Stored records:
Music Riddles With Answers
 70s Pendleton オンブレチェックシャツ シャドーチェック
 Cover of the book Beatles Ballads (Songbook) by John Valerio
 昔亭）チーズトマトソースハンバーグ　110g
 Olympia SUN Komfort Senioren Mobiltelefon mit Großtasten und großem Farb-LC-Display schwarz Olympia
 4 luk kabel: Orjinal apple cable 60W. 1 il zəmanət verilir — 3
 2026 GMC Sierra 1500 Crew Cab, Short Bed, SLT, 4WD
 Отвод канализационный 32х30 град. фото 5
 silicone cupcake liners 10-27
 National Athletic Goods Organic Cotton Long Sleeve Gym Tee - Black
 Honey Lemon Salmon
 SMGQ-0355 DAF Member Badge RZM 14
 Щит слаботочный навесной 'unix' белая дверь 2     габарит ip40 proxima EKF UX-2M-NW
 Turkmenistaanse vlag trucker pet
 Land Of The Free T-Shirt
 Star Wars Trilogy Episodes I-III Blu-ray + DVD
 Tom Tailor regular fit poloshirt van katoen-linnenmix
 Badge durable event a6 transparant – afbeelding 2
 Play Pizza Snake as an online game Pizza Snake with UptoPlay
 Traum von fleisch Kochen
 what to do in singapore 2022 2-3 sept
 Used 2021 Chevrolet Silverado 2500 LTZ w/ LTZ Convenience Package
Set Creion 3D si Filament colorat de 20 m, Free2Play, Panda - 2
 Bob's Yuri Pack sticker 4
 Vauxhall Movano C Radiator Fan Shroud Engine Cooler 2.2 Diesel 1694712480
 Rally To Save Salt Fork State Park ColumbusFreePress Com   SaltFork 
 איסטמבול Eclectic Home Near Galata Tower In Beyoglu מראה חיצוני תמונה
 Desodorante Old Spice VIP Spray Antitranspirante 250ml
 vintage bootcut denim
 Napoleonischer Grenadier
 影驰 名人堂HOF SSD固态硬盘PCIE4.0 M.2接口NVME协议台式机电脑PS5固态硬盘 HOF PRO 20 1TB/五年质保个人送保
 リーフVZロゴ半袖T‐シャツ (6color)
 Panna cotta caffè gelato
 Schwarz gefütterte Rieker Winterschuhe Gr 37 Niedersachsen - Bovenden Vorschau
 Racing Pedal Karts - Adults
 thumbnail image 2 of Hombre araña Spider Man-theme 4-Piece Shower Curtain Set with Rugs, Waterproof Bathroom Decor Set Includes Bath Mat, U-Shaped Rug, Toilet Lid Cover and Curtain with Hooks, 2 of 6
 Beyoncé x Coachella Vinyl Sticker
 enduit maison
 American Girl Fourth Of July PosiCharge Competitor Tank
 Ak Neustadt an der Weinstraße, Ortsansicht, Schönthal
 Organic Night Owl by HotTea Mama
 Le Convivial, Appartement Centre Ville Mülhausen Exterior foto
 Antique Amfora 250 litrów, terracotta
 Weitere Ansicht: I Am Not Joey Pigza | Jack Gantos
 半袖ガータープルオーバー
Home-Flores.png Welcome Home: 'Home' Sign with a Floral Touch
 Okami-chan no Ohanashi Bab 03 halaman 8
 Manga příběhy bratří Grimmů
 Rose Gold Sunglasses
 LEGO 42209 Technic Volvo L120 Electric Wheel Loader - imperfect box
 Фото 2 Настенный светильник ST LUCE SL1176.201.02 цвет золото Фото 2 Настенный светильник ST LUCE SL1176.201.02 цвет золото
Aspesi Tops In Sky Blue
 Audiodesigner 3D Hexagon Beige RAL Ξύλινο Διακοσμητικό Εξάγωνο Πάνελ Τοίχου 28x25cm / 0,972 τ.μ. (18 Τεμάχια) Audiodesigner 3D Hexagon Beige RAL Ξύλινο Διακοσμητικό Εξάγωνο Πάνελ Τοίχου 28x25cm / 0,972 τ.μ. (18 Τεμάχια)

## What to do
Each record above must be given again exactly.

## Response area
Music Riddles With Answers
 70s Pendleton オンブレチェックシャツ シャドーチェック
 Cover of the book Beatles Ballads (Songbook) by John Valerio
 昔亭）チーズトマトソースハンバーグ　110g
 Olympia SUN Komfort Senioren Mobiltelefon mit Großtasten und großem Farb-LC-Display schwarz Olympia
 4 luk kabel: Orjinal apple cable 60W. 1 il zəmanət verilir — 3
 2026 GMC Sierra 1500 Crew Cab, Short Bed, SLT, 4WD
 Отвод канализационный 32х30 град. фото 5
 silicone cupcake liners 10-27
 National Athletic Goods Organic Cotton Long Sleeve Gym Tee - Black
 Honey Lemon Salmon
 SMGQ-0355 DAF Member Badge RZM 14
 Щит слаботочный навесной 'unix' белая дверь 2     габарит ip40 proxima EKF UX-2M-NW
 Turkmenistaanse vlag trucker pet
 Land Of The Free T-Shirt
 Star Wars Trilogy Episodes I-III Blu-ray + DVD
 Tom Tailor regular fit poloshirt van katoen-linnenmix
 Badge durable event a6 transparant – afbeelding 2
 Play Pizza Snake as an online game Pizza Snake with UptoPlay
 Traum von fleisch Kochen
 what to do in singapore 2022 2-3 sept
 Used 2021 Chevrolet Silverado 2500 LTZ w/ LTZ Convenience Package
Set Creion 3D si Filament colorat de 20 m, Free2Play, Panda - 2
 Bob's Yuri Pack sticker 4
 Vauxhall Movano C Radiator Fan Shroud Engine Cooler 2.2 Diesel 1694712480
 Rally To Save Salt Fork State Park ColumbusFreePress Com   SaltFork 
 איסטמבול Eclectic Home Near Galata Tower In Beyoglu מראה חיצוני תמונה
 Desodorante Old Spice VIP Spray Antitranspirante 250ml
 vintage bootcut denim
 Napoleonischer Grenadier
 影驰 名人堂HOF SSD固态硬盘PCIE4.0 M.2接口NVME协议台式机电脑PS5固态硬盘 HOF PRO 20 1TB/五年质保个人送保
 リーフVZロゴ半袖T‐シャツ (6color)
 Panna cotta caffè gelato
 Schwarz gefütterte Rieker Winterschuhe Gr 37 Niedersachsen - Bovenden Vorschau
 Racing Pedal Karts - Adults
 thumbnail image 2 of Hombre araña Spider Man-theme 4-Piece Shower Curtain Set with Rugs, Waterproof Bathroom Decor Set Includes Bath Mat, U-Shaped Rug, Toilet Lid Cover and Curtain with Hooks, 2 of 6
 Beyoncé x Coachella Vinyl Sticker
 enduit maison
 American Girl Fourth Of July PosiCharge Competitor Tank
 Ak Neustadt an der Weinstraße, Ortsansicht, Schönthal
 Organic Night Owl by HotTea Mama
 Le Convivial, Appartement Centre Ville Mülhausen Exterior foto
 Antique Amfora 250 litrów, terracotta
 Weitere Ansicht: I Am Not Joey Pigza | Jack Gantos
 半袖ガータープルオーバー
Home-Flores.png Welcome Home: 'Home' Sign with a Floral Touch
 Okami-chan no Ohanashi Bab 03 halaman 8
 Manga příběhy bratří Grimmů
 Rose Gold Sunglasses
 LEGO 42209 Technic Volvo L120 Electric Wheel Loader - imperfect box
 Фото 2 Настенный светильник ST LUCE SL1176.201.02 цвет золото Фото 2 Настенный светильник ST LUCE SL1176.201.02 цвет золото
Aspesi Tops In Sky Blue
 Audiodesigner 3D Hexagon Beige RAL Ξύλινο Διακοσμητικό Εξάγωνο Πάνελ Τοίχου 28x25cm / 0,972 τ.μ. (18 Τεμάχια) Audiodesigner 3D Hexagon Beige RAL Ξύλινο Διακοσμητικό Εξάγωνο Πάνελ Τοίχου 28x25cm / 0,972 τ.μ. (18 Τεμάχια)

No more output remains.